(About this task):
All lines from the one containing "CABERNET - SCREAMING EAGLE OAKVILLE 2018" through the final line of the records below should be reproduced exactly, with the pictures left out.

──────────────────────────────

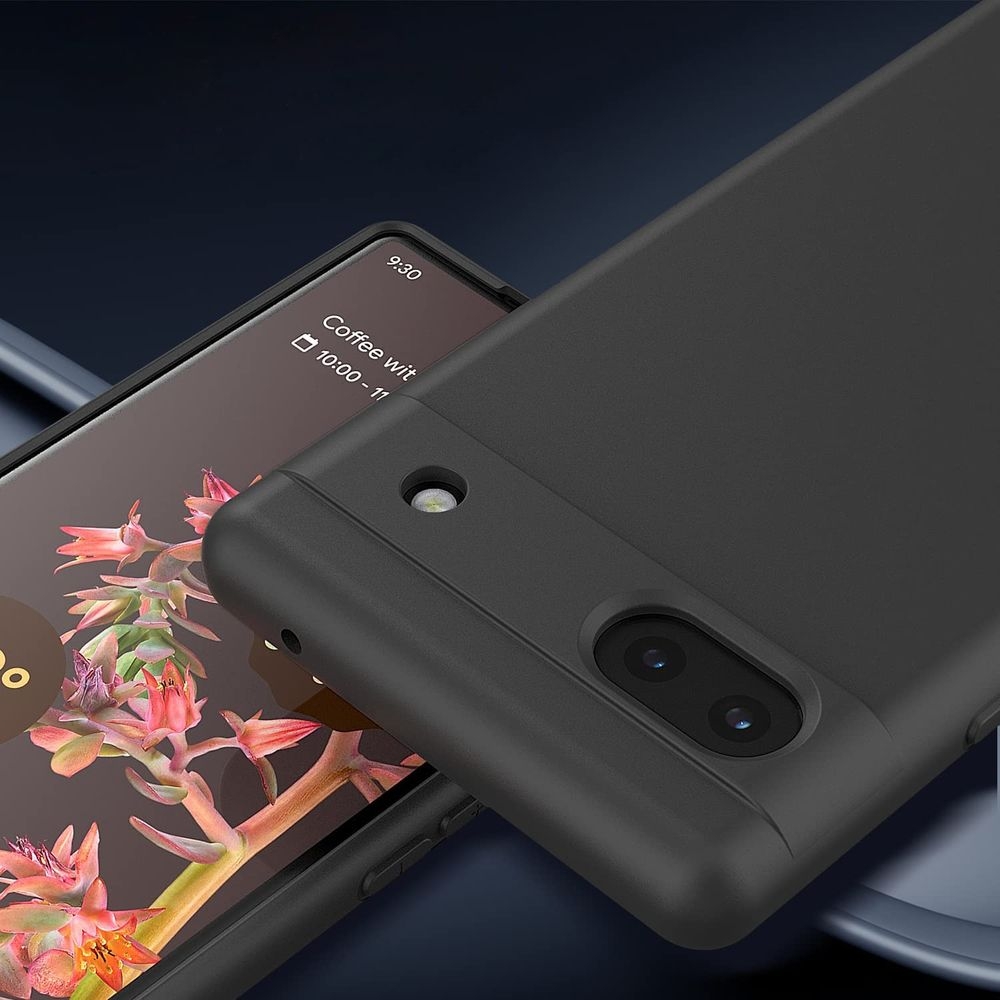 Product gallery 37175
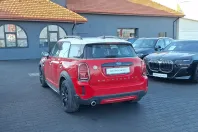 MINI Countryman din 2021 cu 79.200 km - oferta MIN213539 - foto 2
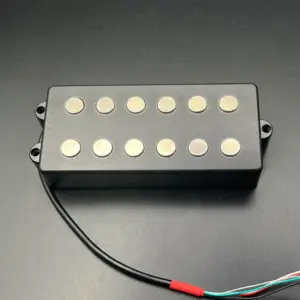 Sd6801f9088474387b0a9eb72733ac49bH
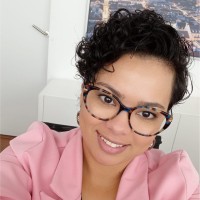 Andreia Goncalves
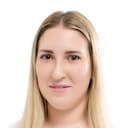 Бараева Светлана Александровна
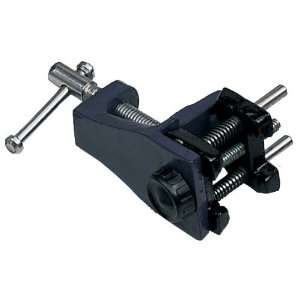  MOVEMENT HOLDER WITH CLAMP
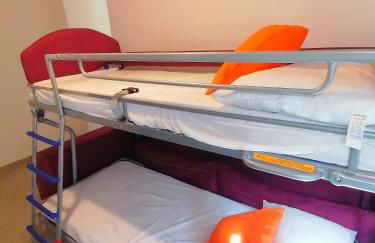 Casa del Cigno - Foto 13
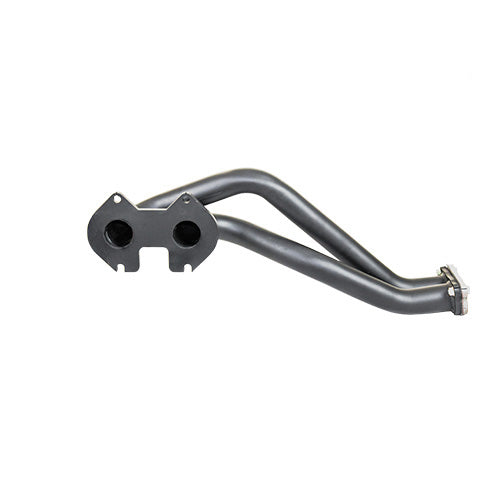 MAZDA RX7 12A EXTRACTOR GASKET = MAG701 - Header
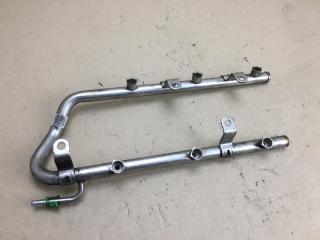 Топливная рейка DODGE JOURNEY 08-20 3.5 EGF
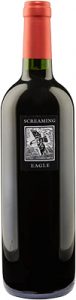 CABERNET - SCREAMING EAGLE OAKVILLE 2018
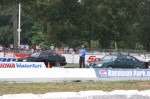 Waterfest 16 2010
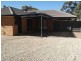 50 SHIRLEY STREET, Port Augusta West SA 5700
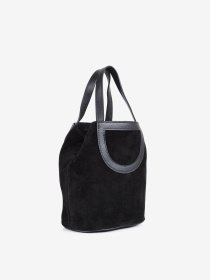 Сумка Regina Notte модель 2000000245027 Фото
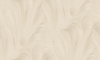 9298-17-раппорт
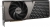 MSI GeForce RTX 4080 Super 16G Expert Ekran Kartı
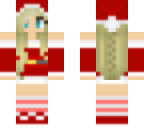 hohoho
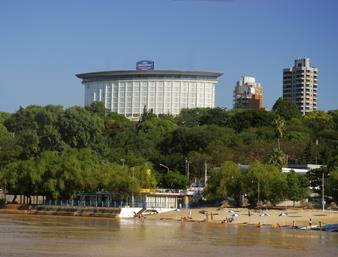 parana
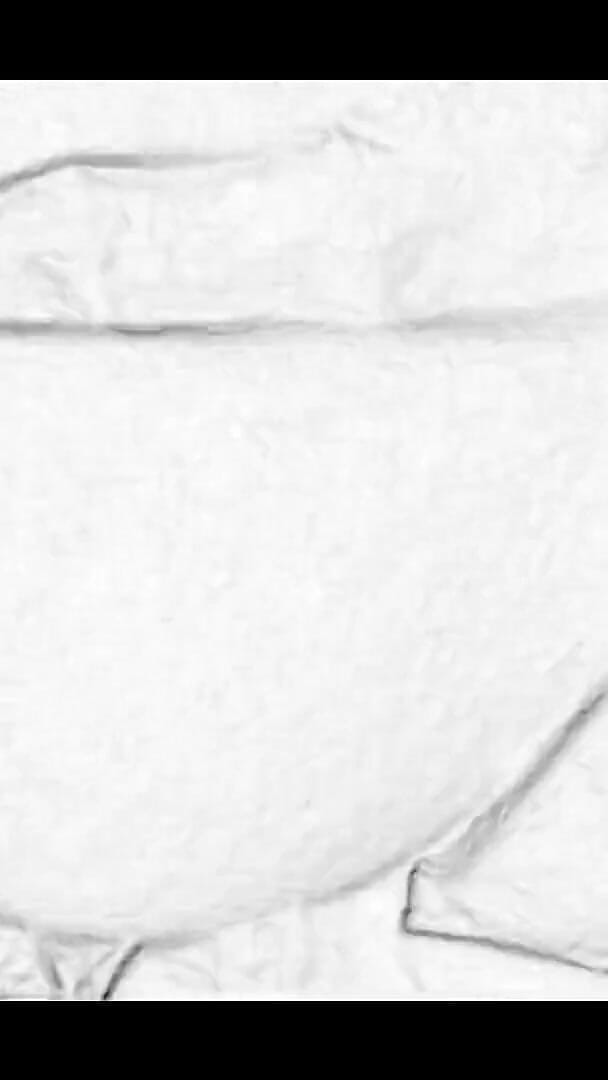 Another Sex and Creampie, Cumshot Compilation. Pencil (Anon Pirates)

──────────────────────────────

(Answer below):
 CABERNET - SCREAMING EAGLE OAKVILLE 2018
 Waterfest 16 2010
 50 SHIRLEY STREET, Port Augusta West SA 5700
 Сумка Regina Notte модель 2000000245027 Фото
 9298-17-раппорт
 MSI GeForce RTX 4080 Super 16G Expert Ekran Kartı
 hohoho
 parana
 Another Sex and Creampie, Cumshot Compilation. Pencil (Anon Pirates)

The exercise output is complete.